SUPPLIED DATA:
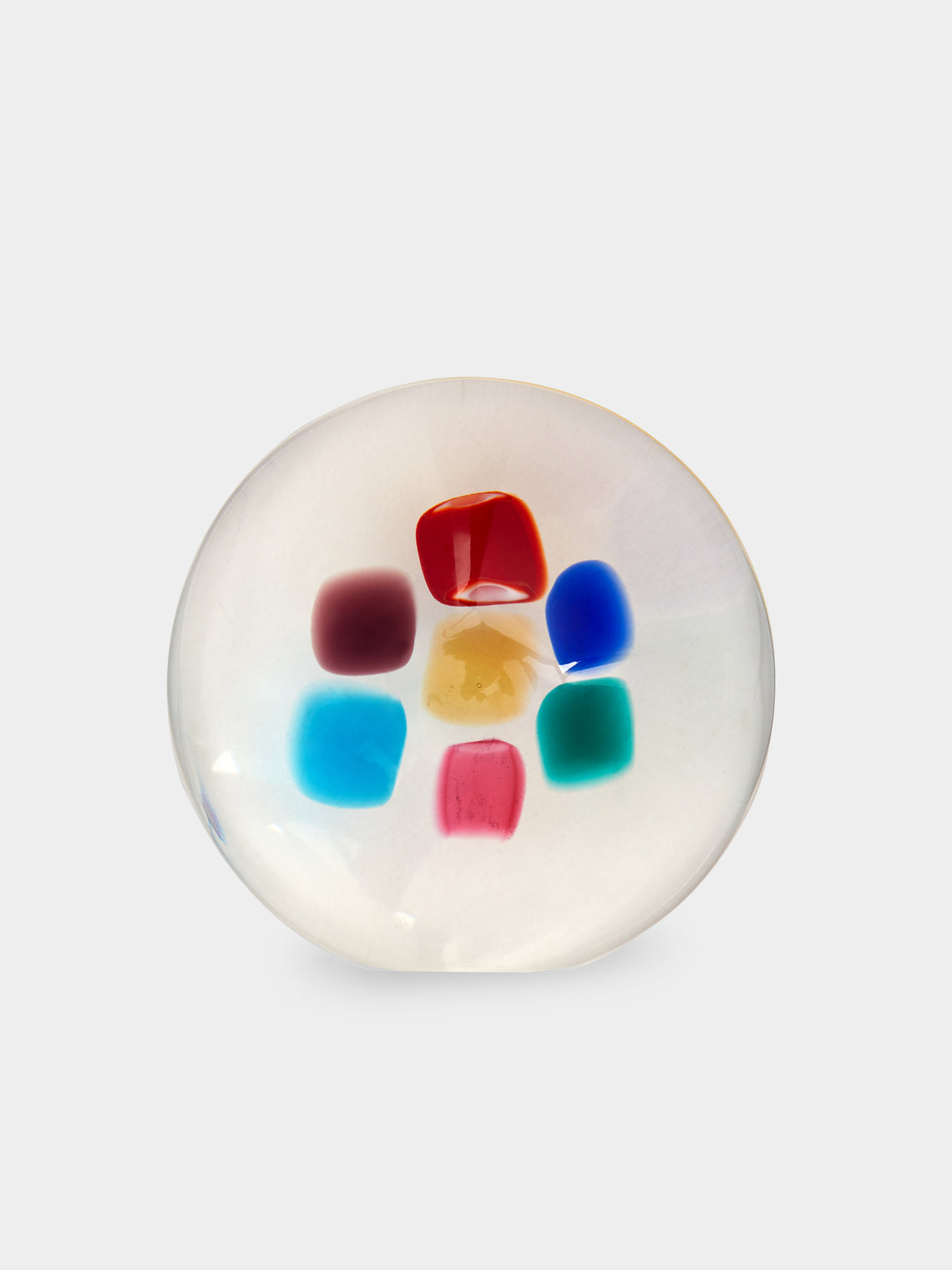 Antique and Vintage - 1998 Gianni Versace For Venini Ice Dreams Paperweight -  - ABASK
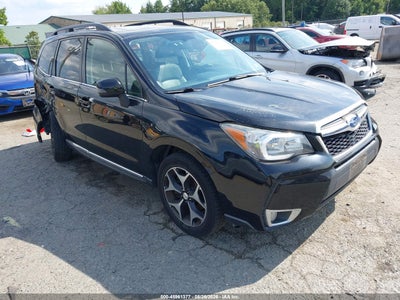 JF2SJGVC4GH****** · 2016 SUBARU FORESTER 2.0XT TOURING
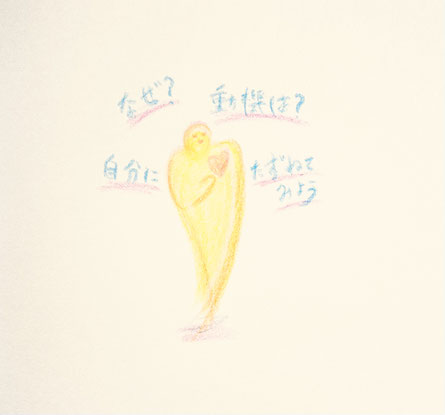 動機付け面接イラストイメージ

EXERCISE AIM:
The lines to repeat run from the line containing "JF2SJGVC4GH****** · 2016" through the last line of the material above; give them exactly, without the pictures.

OUTPUT BELOW:
 JF2SJGVC4GH****** · 2016 SUBARU FORESTER 2.0XT TOURING
 動機付け面接イラストイメージ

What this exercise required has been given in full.